Shurkin, taking advantage of the Shockley diaries, portrays a man who was remarkably intelligent in scientific and technical matters, but sorely lacking in social and people skills. Shurkin details the struggles of Shockley’s subordinates who frequently bore the brunt of his criticism and stinging attacks. Shockley was a brilliant man, but lacked what we would today call emotional intelligence. In fact, the core team of scientists that Shockley recruited for his company eventually got so exasperated and frustrated by Shockley’s authoritarian and overbearing managerial style, that they all basically left his company and founded their own ventures which led to the formation of Silicon Valley. Shockley referred to this group of scientists as the ‘traitorous eight’. Shurkin details the attempts by Shockley’s employees to find a compromise solution, to work out their differences – all to no avail. Even Shockley’s Nobel Prize co-winners, John Bardeen and Walter Brattain, sensed that Shockley harboured a certain jealousy or animosity that they had directly worked on the research for the first transistor, even though Shockley’s contribution as the overall project leader is obvious and cannot be denied.
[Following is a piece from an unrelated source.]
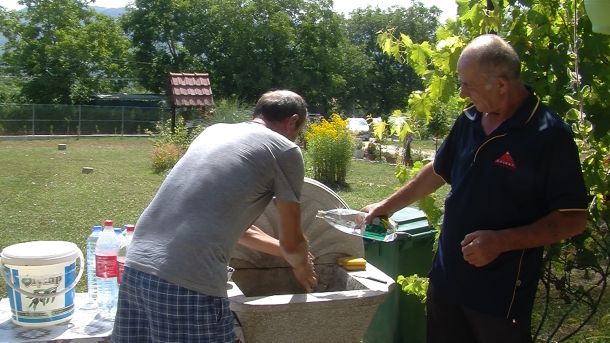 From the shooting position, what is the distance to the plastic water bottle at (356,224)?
9.99ft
Brattain and Bardeen had increasing difficulties dealing with Shockley when they were at Bell Labs, even though, as Shurkin documents, the two of them stated that ‘there’s enough glory in this for everybody’.
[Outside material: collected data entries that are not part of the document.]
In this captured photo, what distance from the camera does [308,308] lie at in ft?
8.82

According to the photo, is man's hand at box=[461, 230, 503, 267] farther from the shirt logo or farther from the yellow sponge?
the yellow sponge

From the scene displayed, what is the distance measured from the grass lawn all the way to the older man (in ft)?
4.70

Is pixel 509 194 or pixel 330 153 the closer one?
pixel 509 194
Shurkin, an outstanding science writer, admirably details the scientific technicalities of semiconductor and transistor research, while also conveying the complexities of the nature-nurture debate with regard to human intelligence. He examines the responses of other psychologists and anthropologists on the ‘gene-versus-environment’ controversy, a debate that still resounds to this day. Sadly, Shockley’s views invited attacks as a racist and ignoramus in the field of biology. Psychologists and biologists currently regard the controversy as outdated, and speak of the interaction between genes and environment. We realise our nature through our nurturing environmental influences. Shockley, by advocating such genetic-determinist views on race and intelligence, seemed like an atavistic throwback, to a time in America’s history when immigrants from Southern and Eastern Europe (particularly Jewish immigrants) were screened out because of their alleged intellectual inferiority to the superior Nordic races. Shockley’s technical brilliance in opening up the field of semiconductor research was overshadowed by his pronouncements on race. Shockley’s scientific reputation was corrupted, and his considerable achievements were largely forgotten in the maelstrom of controversy about his racial views. Shurkin avoids the temptation to dismiss his subject as a lunatic, but rather attempts to identify the trajectory that Shockley followed from public admiration to condemnation.